I just thought it was brilliant. I loved his sense of humor. I think he has an incredibly honest and sharp and psychologically — accurate, I’ll say, view of the world. And I don’t know who doesn’t like it, other than people that I guess are offended by the nastiness. But the nastier the better, as far as I’m concerned. I mean, if something is smart and about real people and real stuff that people feel and think, then I like it. And if that includes a lot about sex and shit and whatever else, then that’s all the more real to me … I feel like this country is so crazy and contradictory and puritanical and conservative; the fact that people focus on the language and other superficial stuff of Louie is just depressing. Everybody needs to just relax and take a deep breath, and realize that what Louie’s doing is actually far less offensive than what all the well-accepted Hollywood bigwigs are doing. I go to see a movie, and it’s anti-woman, it’s violent, it’s stupid, it’s talking down to everybody, it has no expectation of its audience. That’s offensive to me.
Do you think TV is different in that respect?
I actually don’t have television. I don’t watch a lot of TV. I only watch things via Netflix, so I only watch the things that I’m choosing to watch. So I don’t, like, flip around and see what’s out there on television. I curate my TV watching quite carefully.
But you’re curating your film viewing, too, I would imagine?
Oh yeah, totally, totally. I’m just saying … I don’t see a lot of those kinds of films. I’m just saying the idea of what’s offensive is, you know, subjective, obviously, and I think that people are a little bit off in this country about what they should be complaining about and trying to shut down.
What was your take on your scene in the diner? Your character really lets Louie have it.
I love their dynamic and the way that she sort of — I don’t want to say mothers him, but challenges him, but in such a loving way. I thought it was a unique and fun, weird type of relationship that you don’t ever really see. When I read the scene before I auditioned for it, I thought it was a really funny character he’d written — the female character — then when I played the scene I realized my character’s not really that funny: It’s all about his reaction. He was cracking me up the whole time.
Having been on a lot of film sets, did Louie feel like one?
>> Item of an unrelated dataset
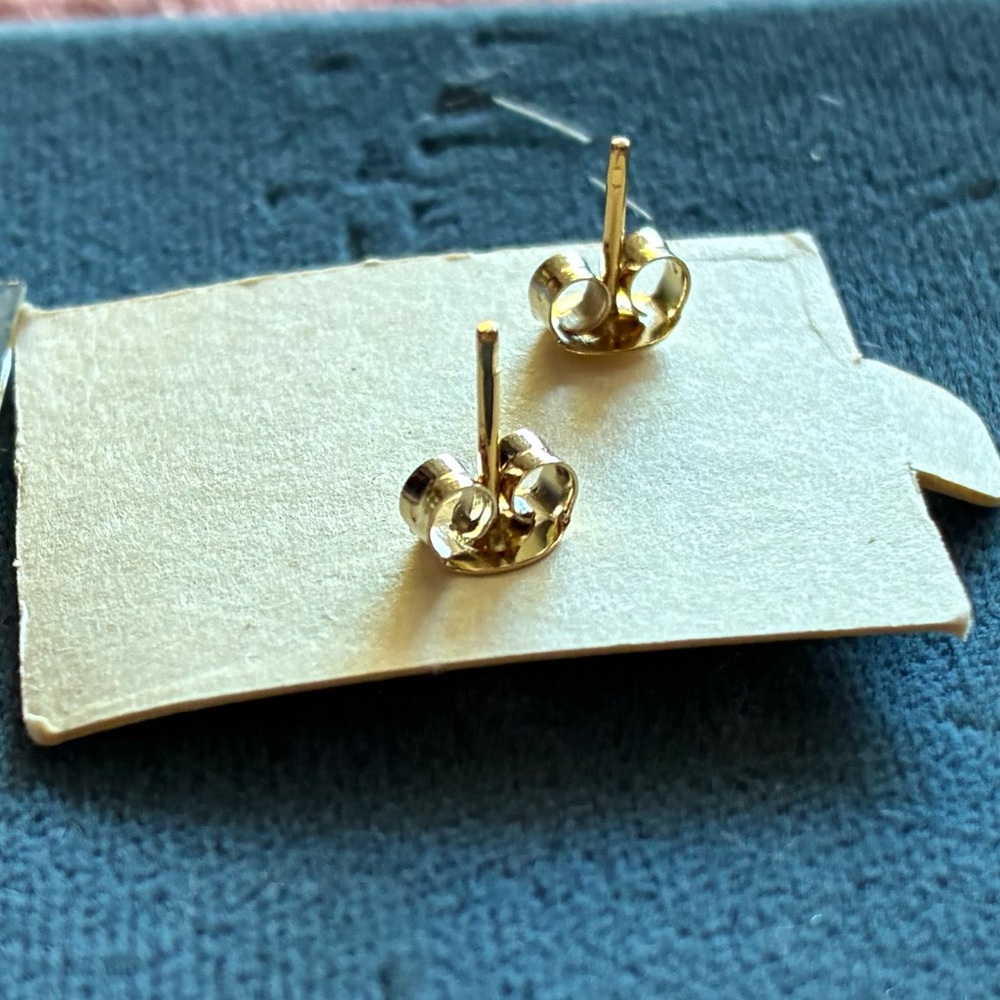 24 KT Gold Plated bear with Turquoise inlay Stud Earrings - Picture 5 of 5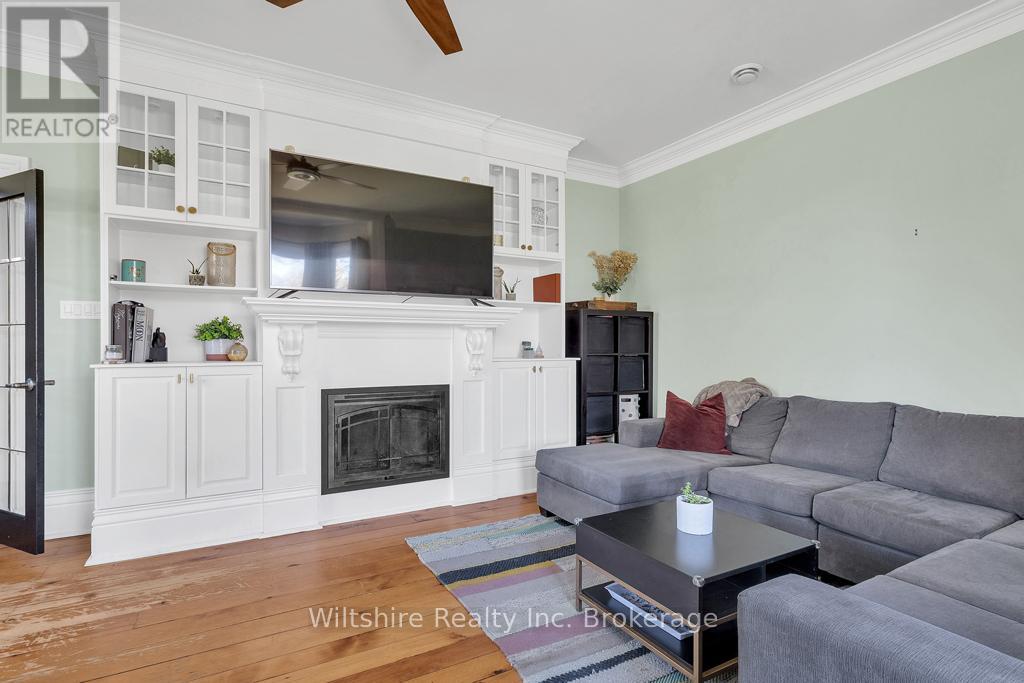 64 South Street W Property Photo 21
The set of Louie was one of the best sets I’ve ever been on. It did feel like a film set. It felt like an independent-film set: intimate, low budget, except without the stress. I only worked on the show for two days, unfortunately. It was just the most pleasant two days possible. And Louie, he’s just a real joy to work for. It’s a very collaborative experience, and he’s very respectful and nice to his crew, which is a really big deal. I think being on a set where people aren’t being treated as equals, and with just a common level of decency and respect, is really uncomfortable. As an actress, it makes me clam up. Louie’s set was totally antithetical to that. He’s directing the whole time, he’s very involved with the cinematography, he’s multitasking at all moments, but you don’t feel the anxiety of that.